## [Task goal]
Among the lines of the listing below, retype exactly those from the one containing "58945 Business Center" through the one containing "Chiếc Nissan GT-R", both included. Do not include pictures.

=== Begin Enclosure ===

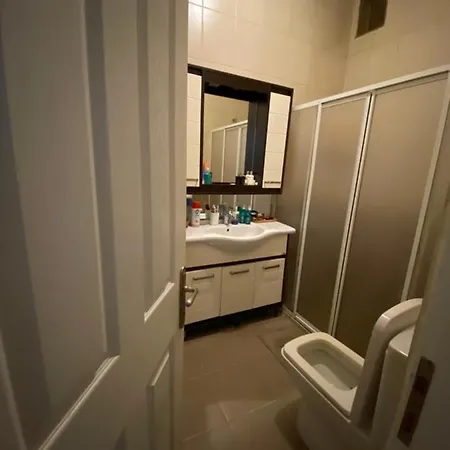 Cihangir’in Merkezinde 1+1 Bahçeli Dubleks Daire Apartamento *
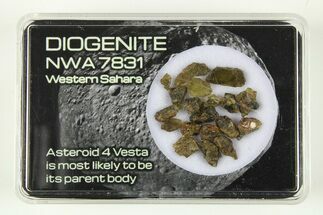 Diogenite Meteorite Fragments (g) - From Vesta Micro-Planet #284770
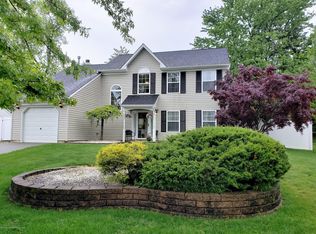 652 Loxley Dr, Toms River, NJ 08753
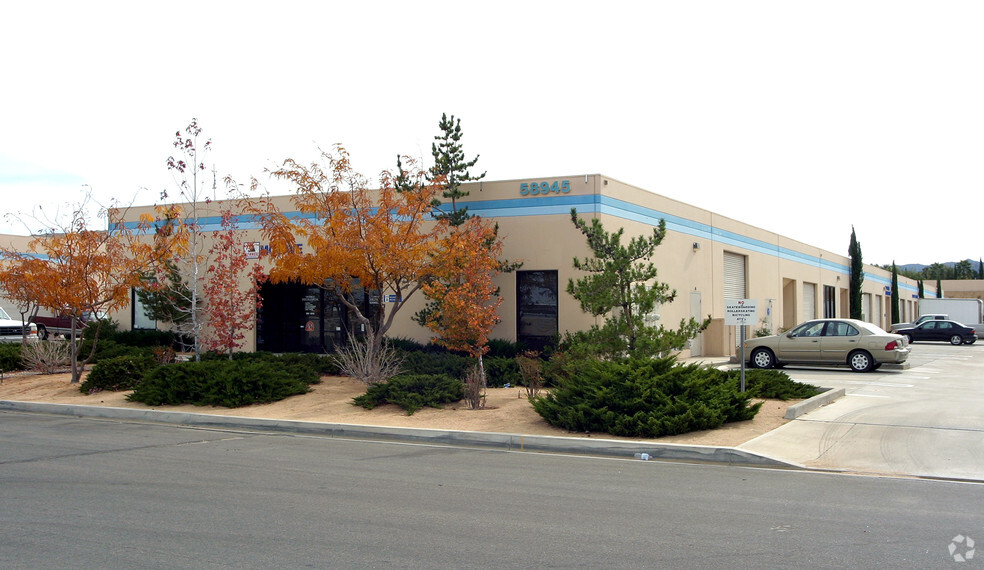 58945 Business Center Dr, Yucca Valley, CA for sale - Primary Photo - Image 1 of 1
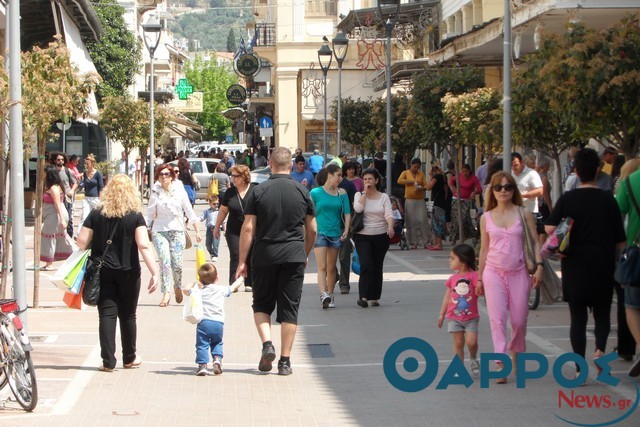 Θερινό ωράριο καταστημάτων από σήμερα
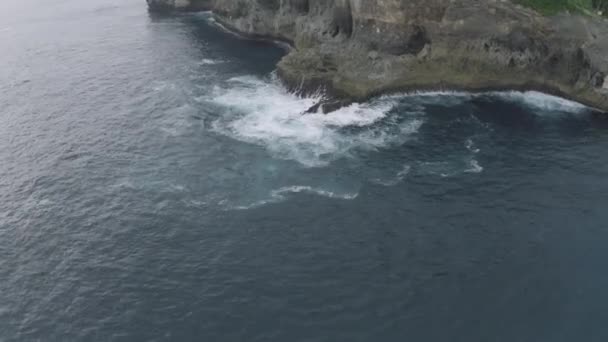 Broken Beach on Nusa Penida Island in Indonesia near Bali drone shot 4K — Stock Video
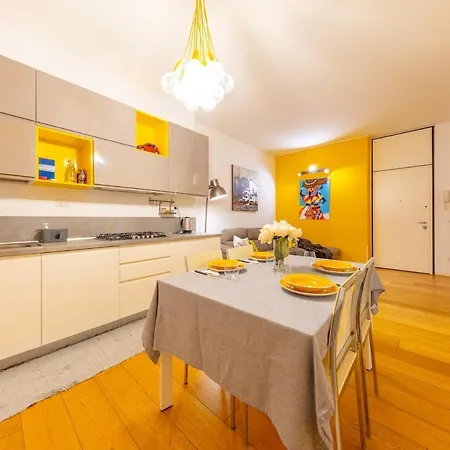 Elegant And Spacious 2bdr, 5 Min Station Mediolan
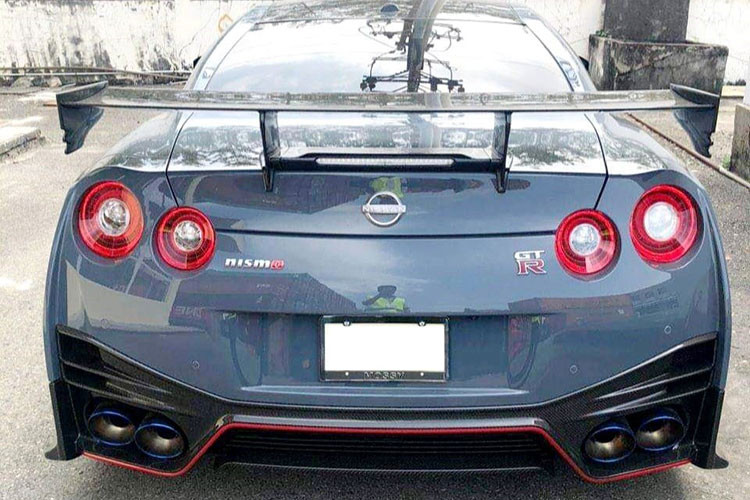 Chiếc Nissan GT-R Nismo đầu tiên tại Việt Nam này còn thuộc bản Nismo Special Edition với việc sản xuất giới hạn chỉ có đúng 300 chiếc. Xe chỉ bán ra thị trường 300 chiếc với 2 bản là tiêu chuẩn và tùy chọn gói đặc biệt với điểm nhấn là màu sơn mới độc quyền màu xám Nismo Stealth Gray đi kèm rất nhiều chi tiết carbon, viền đỏ chạy dọc xung quanh xe.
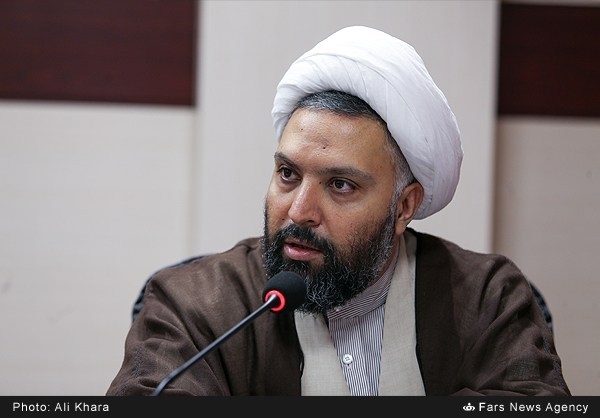ممکن است بعضی با نگاه های سلیقه ای و ناقص یا نگاه های کاریکاتوری بگویند که نه تنها  انقلاب اسلامی به این اهداف نزدیک نشده است بلکه دور هم شده است لکن باید توجه داشت که قضاوت های صفر و صدی، و رویکردهای غیر علمی در این بحث وجاهتی ندارد. آنچه مهم است شواهد و مستندات علمی است. در سال های گذشته مطالعات میدانی فراوانی در ایران با هدف سنجش دینداری یا سنجش میزان نفوذ گفتمان فرهنگی انقلاب اسلامی در ایران انجام شده است که من فرصت بیان جزئیات آنها را ندارم لکن کسانی که با نتایج این جنس مطالعات آشنایی دارند تایید می کنند که انقلاب اسلامی طی چهل سال گذشته و به رغم میراث فرهنگی سیاهی که از پیش از انقلاب به دوران پس از انقلاب منتقل شد، نه تنها در عرصه فرهنگ اسلامی پسرفت نداشته است بلکه در نقاط گوناگون رشد داشته است.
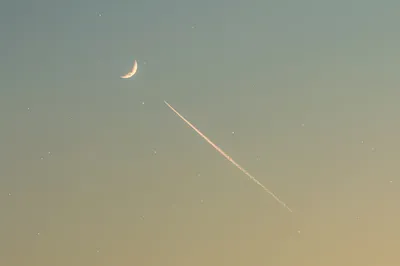 月夜航迹 夜空 月亮 飞机航迹 SD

=== End Enclosure ===

## [Solution to this exercise]
 58945 Business Center Dr, Yucca Valley, CA for sale - Primary Photo - Image 1 of 1
 Θερινό ωράριο καταστημάτων από σήμερα
 Broken Beach on Nusa Penida Island in Indonesia near Bali drone shot 4K — Stock Video
 Elegant And Spacious 2bdr, 5 Min Station Mediolan
 Chiếc Nissan GT-R Nismo đầu tiên tại Việt Nam này còn thuộc bản Nismo Special Edition với việc sản xuất giới hạn chỉ có đúng 300 chiếc. Xe chỉ bán ra thị trường 300 chiếc với 2 bản là tiêu chuẩn và tùy chọn gói đặc biệt với điểm nhấn là màu sơn mới độc quyền màu xám Nismo Stealth Gray đi kèm rất nhiều chi tiết carbon, viền đỏ chạy dọc xung quanh xe.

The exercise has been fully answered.